§ What to produce
Using the data below, return the stretch from the line that contains "Used 2021 Ford" through the line that contains "ชุดสายไฟเครื่องยนต์ LNHF 22771112", both included, exactly as it stands and nothing beyond it.

§ Provided data

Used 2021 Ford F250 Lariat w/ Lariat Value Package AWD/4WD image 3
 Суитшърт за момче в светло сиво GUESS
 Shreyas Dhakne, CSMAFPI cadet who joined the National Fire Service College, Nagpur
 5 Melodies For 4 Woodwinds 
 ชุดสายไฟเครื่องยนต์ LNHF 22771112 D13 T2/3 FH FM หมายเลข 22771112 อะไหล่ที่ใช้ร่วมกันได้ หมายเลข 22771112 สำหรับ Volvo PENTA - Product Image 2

...

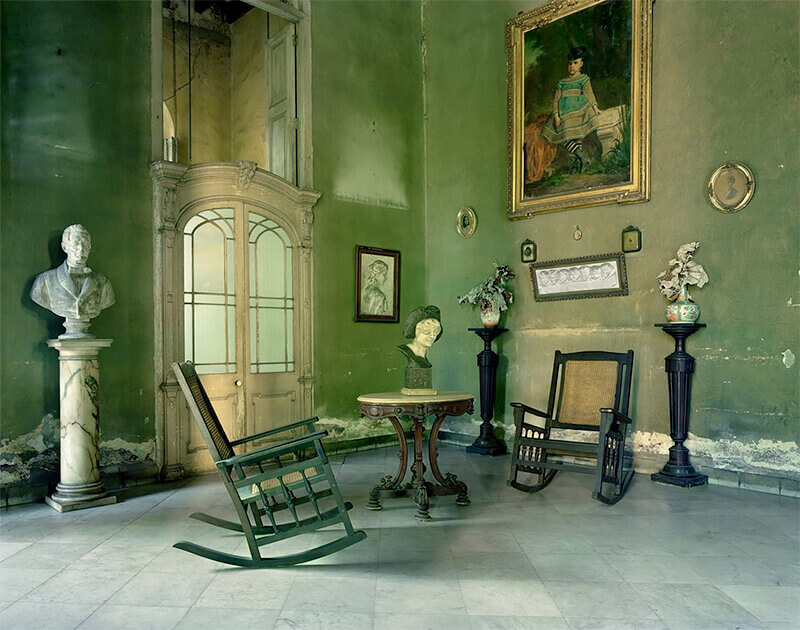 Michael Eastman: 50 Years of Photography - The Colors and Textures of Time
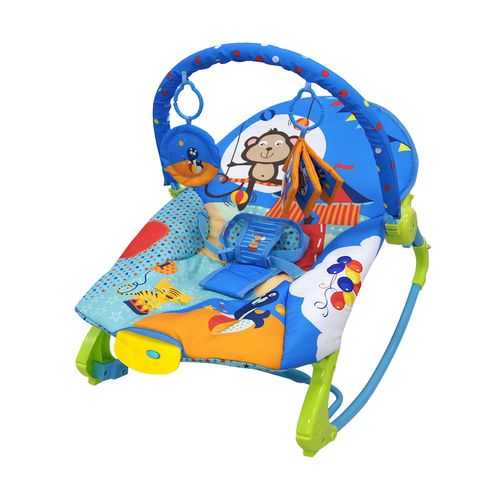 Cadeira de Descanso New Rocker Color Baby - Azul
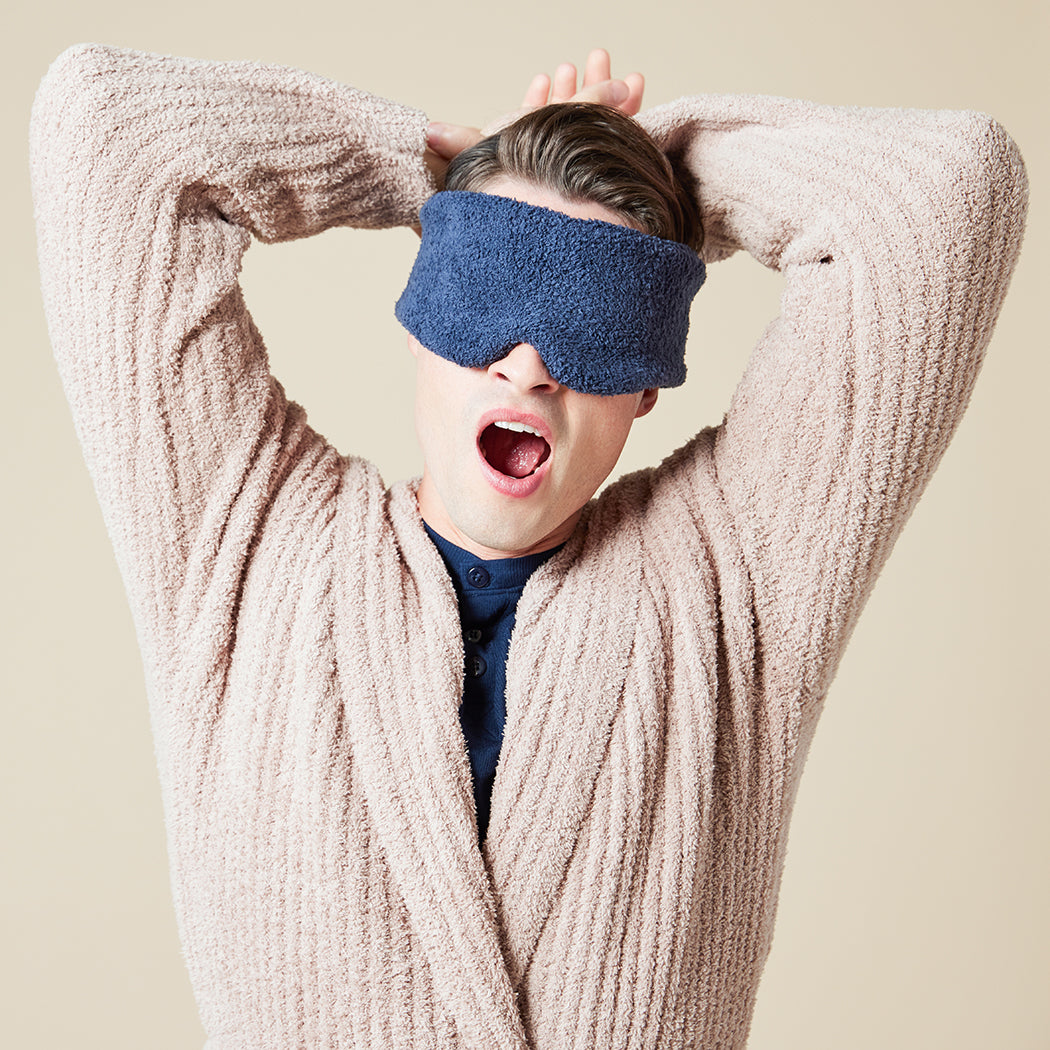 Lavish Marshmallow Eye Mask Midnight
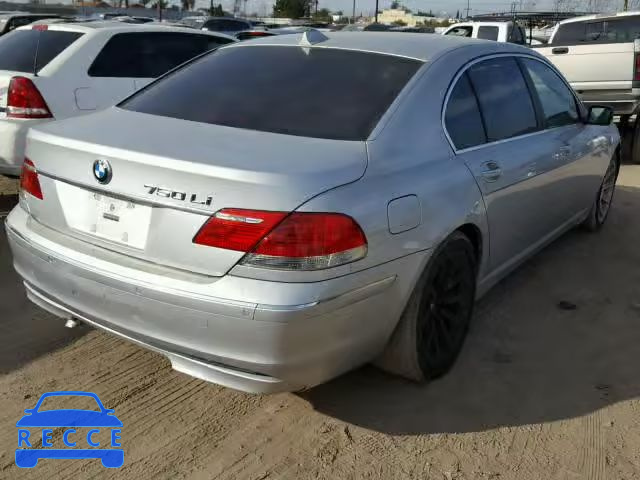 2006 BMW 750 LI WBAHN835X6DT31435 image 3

---

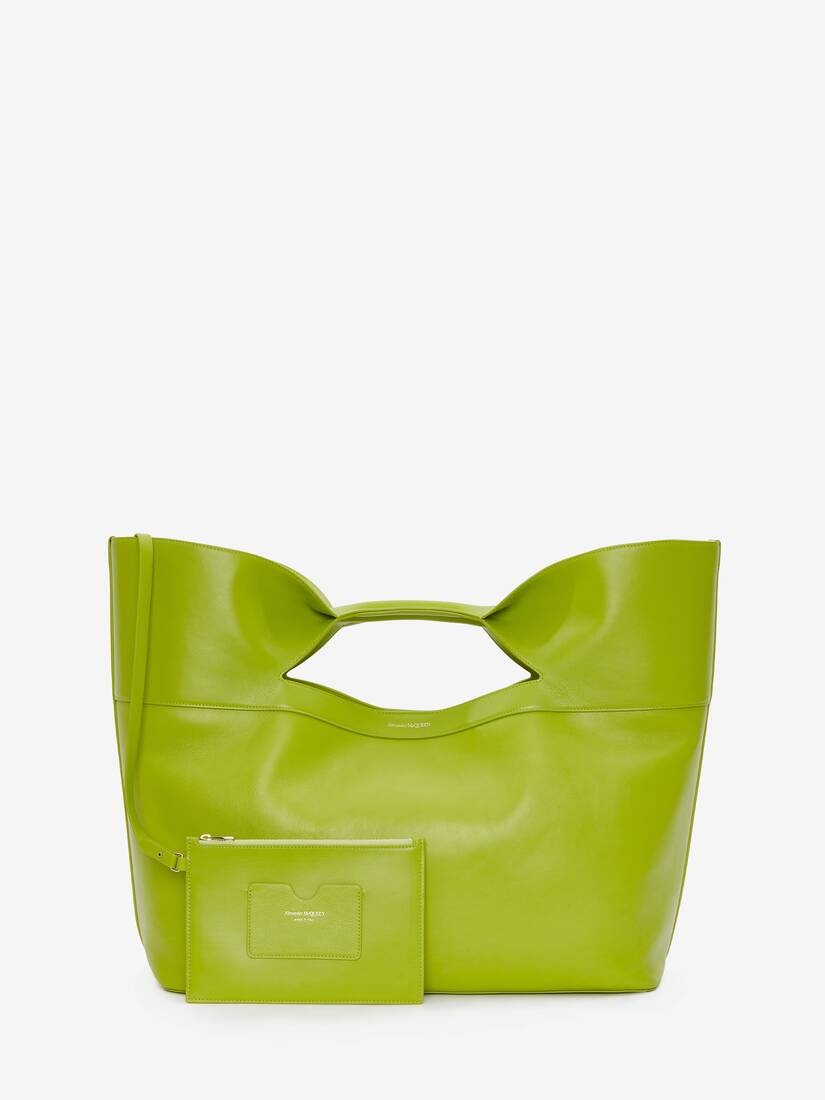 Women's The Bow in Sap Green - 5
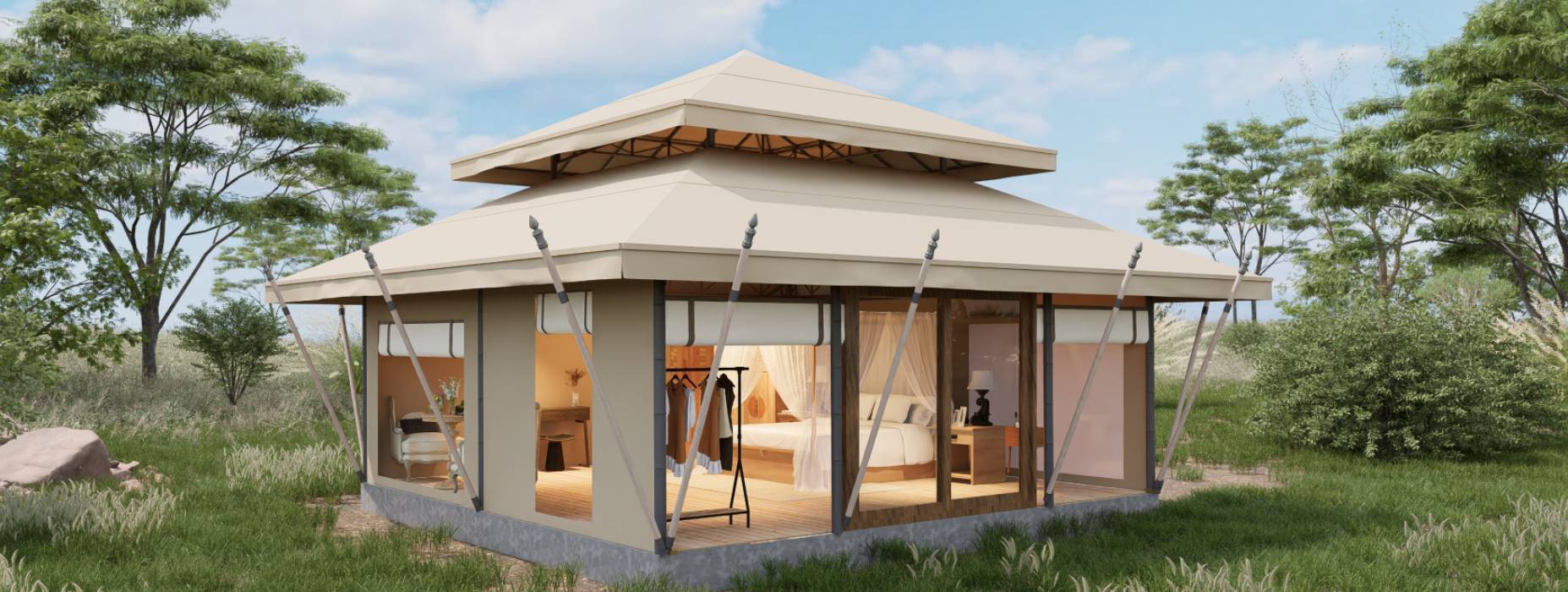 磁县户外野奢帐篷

§ Problem solution
Used 2021 Ford F250 Lariat w/ Lariat Value Package AWD/4WD image 3
 Суитшърт за момче в светло сиво GUESS
 Shreyas Dhakne, CSMAFPI cadet who joined the National Fire Service College, Nagpur
 5 Melodies For 4 Woodwinds 
 ชุดสายไฟเครื่องยนต์ LNHF 22771112 D13 T2/3 FH FM หมายเลข 22771112 อะไหล่ที่ใช้ร่วมกันได้ หมายเลข 22771112 สำหรับ Volvo PENTA - Product Image 2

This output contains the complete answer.